Data items:
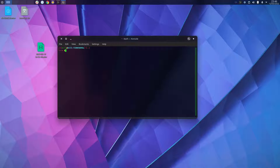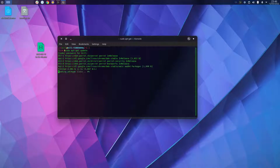Such as Ubuntu, Parrot, and Kali. To do that, type in sudo apt-get update, then type in your password — it will not appear on screen when you type it.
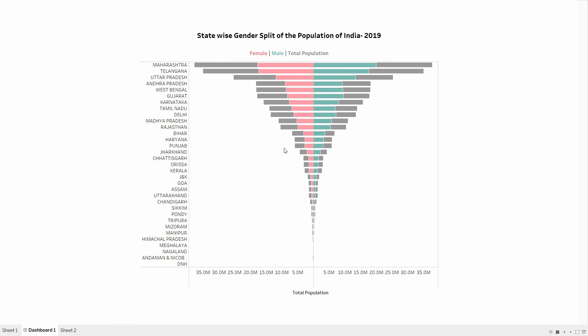So this was all about the tornado chart. I hope you liked this video. Thank you.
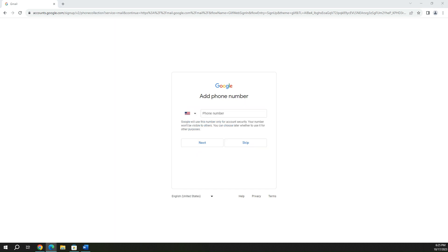Next, it's going to take you to the screen where you can add your phone number that you can also use for recovery purposes and stuff like that. I'm going to skip this right now as well.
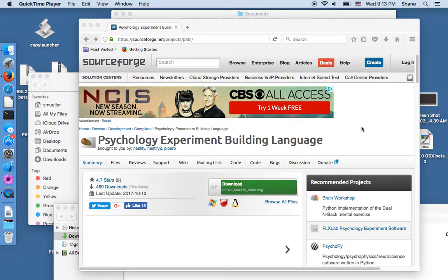This is a guide to installing Pebble 2.0 on Mac OS.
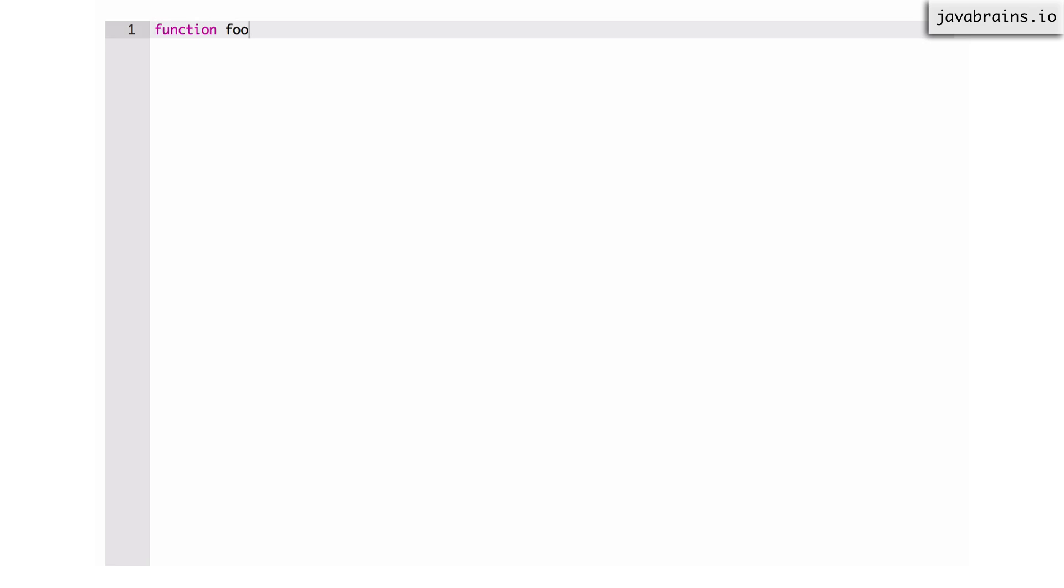The first way is by using what's called a function declaration. This should be familiar to people coming from other programming languages. This is kind of standard across a lot of the C family of programming languages. So let's say I'm going to create a function called foo. I would do something like this. Say function as a keyword, I give it a name, open close, and then the curly braces to denote the function body.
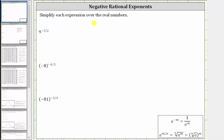We want to simplify each expression over the real numbers. Notice how we have three expressions with negative rational exponents. The first step will be to write the expression using a positive exponent, using the negative exponent property: a to the power of negative m is equal to one over a raised to the power of positive m. Then we write the expression in radical form to simplify.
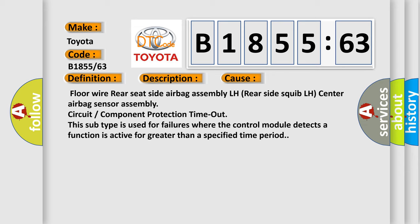This diagnostic error occurs most often in these cases: Floor wire rear seat side airbag assembly LH rear side squib LH center airbag sensor assembly circuit component protection timeout. This subtype is used for failures where the control module detects a function is active for greater than a specified time period.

§ Task to complete
Take the line containing "We want to simplify" as the first line and the last line of the data above as the final one, and output exactly the lines between them, inclusive, with no pictures.

§ Response area
We want to simplify each expression over the real numbers. Notice how we have three expressions with negative rational exponents. The first step will be to write the expression using a positive exponent, using the negative exponent property: a to the power of negative m is equal to one over a raised to the power of positive m. Then we write the expression in radical form to simplify.
This diagnostic error occurs most often in these cases: Floor wire rear seat side airbag assembly LH rear side squib LH center airbag sensor assembly circuit component protection timeout. This subtype is used for failures where the control module detects a function is active for greater than a specified time period.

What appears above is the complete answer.